Budi Setyawan Wijaya, Direktur Utama IAS, menyatakan bahwa POSGABNAS bertujuan untuk menyinergikan seluruh entitas di bawah IAS Group. "Tujuan utama pembentukan POSGABNAS adalah mempererat sinergi dan koordinasi di antara seluruh entitas di bawah naungan IAS Group," ujarnya saat pembukaan posko di Grand Anara Airport Hotel, Bandara Soekarno-Hatta, Kamis (12/3/2026).

POSGABNAS beroperasi mulai 13 Maret hingga 30 Maret 2026, mencakup Bandara Kualanamu, Soekarno-Hatta, I Gusti Ngurah Rai, dan Hasanuddin. Pemantauan operasional dilakukan secara real-time melalui sistem digital terintegrasi, meliputi pergerakan penerbangan, pelayanan penumpang, penanganan bagasi, hingga operasional kargo.

Selain pemantauan, POSGABNAS berfungsi sebagai pusat komunikasi dan crisis center untuk koordinasi cepat antar stakeholder dalam kondisi darurat. Sistem pemantauan umpan balik pelanggan juga terintegrasi dengan berbagai kanal pengaduan di bandara.

Danny Thaharsyah, Direktur Operasi IAS, menegaskan komitmen untuk meningkatkan kualitas pelayanan. "Fokus kami tidak hanya pada kesiapan fasilitas dan operasional bandara, tetapi juga bagaimana memberikan pengalaman pelayanan terbaik kepada pelanggan," katanya. IAS berupaya meningkatkan kualitas pelayanan melalui perbaikan fasilitas, penyempurnaan proses operasional, dan penguatan kapasitas sumber daya manusia.

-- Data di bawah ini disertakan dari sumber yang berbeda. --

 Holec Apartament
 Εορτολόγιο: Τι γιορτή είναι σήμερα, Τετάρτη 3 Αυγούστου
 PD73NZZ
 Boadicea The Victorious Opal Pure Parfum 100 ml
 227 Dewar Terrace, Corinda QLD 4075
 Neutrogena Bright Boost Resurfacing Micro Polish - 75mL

InJourney juga memastikan kesiapan operasional bandara secara menyeluruh, termasuk penguatan koordinasi posko, kesiapan fasilitas, optimalisasi personel, pengaturan jam operasional, serta penegakan prosedur layanan.

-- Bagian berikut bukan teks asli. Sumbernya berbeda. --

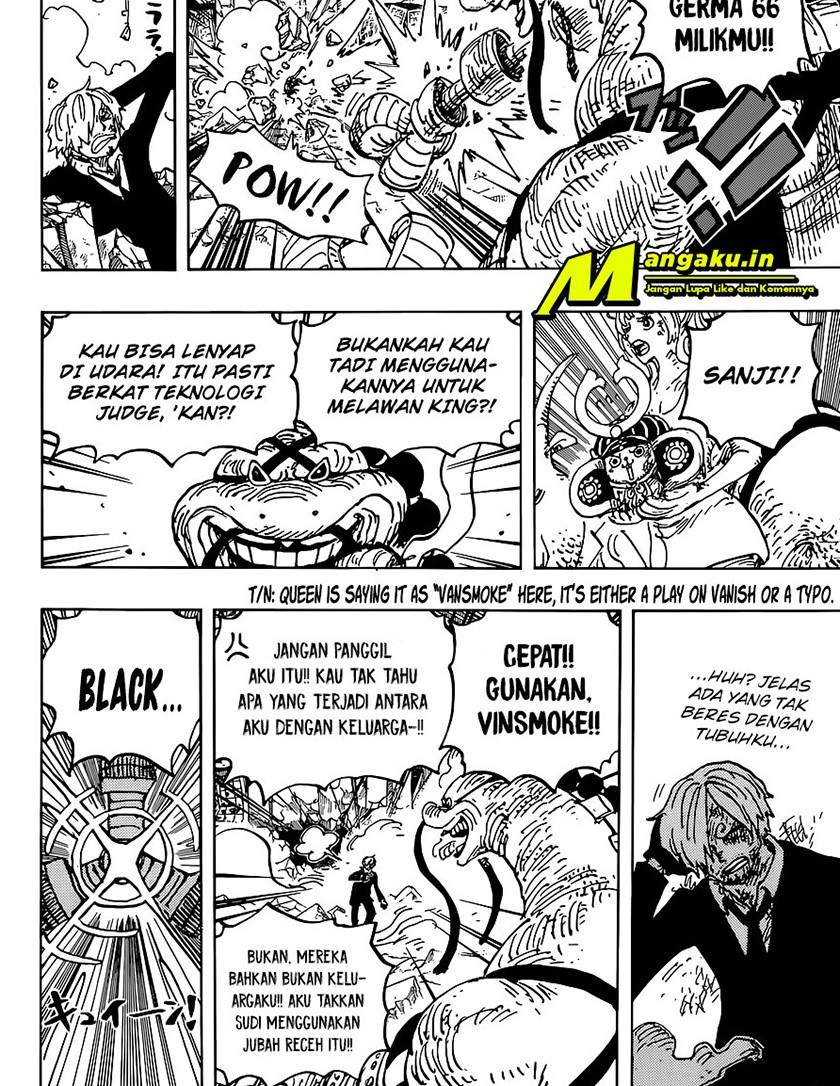 image-komik-one-piece-chapter-1028-11/20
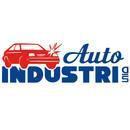 Auto Industri AS logo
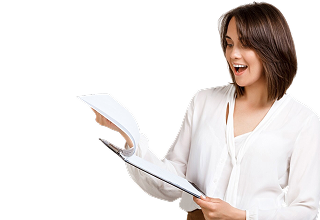 Получение допуска к работам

Yudhi Rizkiyardie Darun, Direktur Keuangan dan Manajemen Risiko InJourney, menambahkan bahwa momentum Ramadan dan Lebaran menjadi pendorong utama pergerakan wisata domestik. InJourney memproyeksikan peningkatan hunian hotel dan kunjungan ke destinasi wisata yang dikelola.

InJourney juga telah mempersiapkan diri menyambut kunjungan wisatawan ke destinasi wisata seperti Candi Prambanan dan Ratu Boko, Candi Borobudur, Kawasan Wisata Mandalika, Nusa Dua, Golomori dan Sarinah serta Taman Mini Indonesia Indinesia Indah.

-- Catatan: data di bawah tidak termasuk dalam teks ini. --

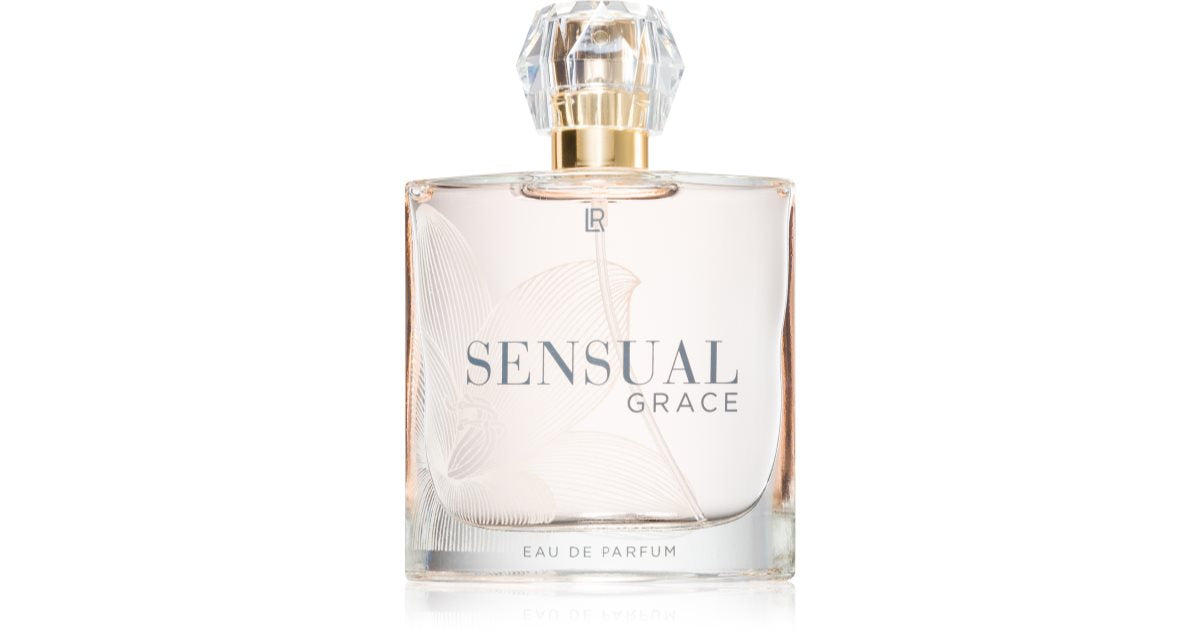 LR Grâce Sensuelle 50 ml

Yudhi R Darun menambahkan, periode libur yang bersamaan dengan perayaan Nyepi dan pemberlakuan WFA menjadi momentun penting yang harus diperhatikan bagi entitas aviasi dan pariwisata untuk mendorong pergerakan wisatawan secara optimal.

InJourney berkomitmen memastikan kesiapan operasional, penguatan pelayanan, serta pengelolaan risiko yang optimal di seluruh lini bisnis. Penguatan kapasitas operasional dilakukan melalui penambahan personel dan optimalisasi fasilitas untuk mengantisipasi lonjakan pergerakan wisatawan.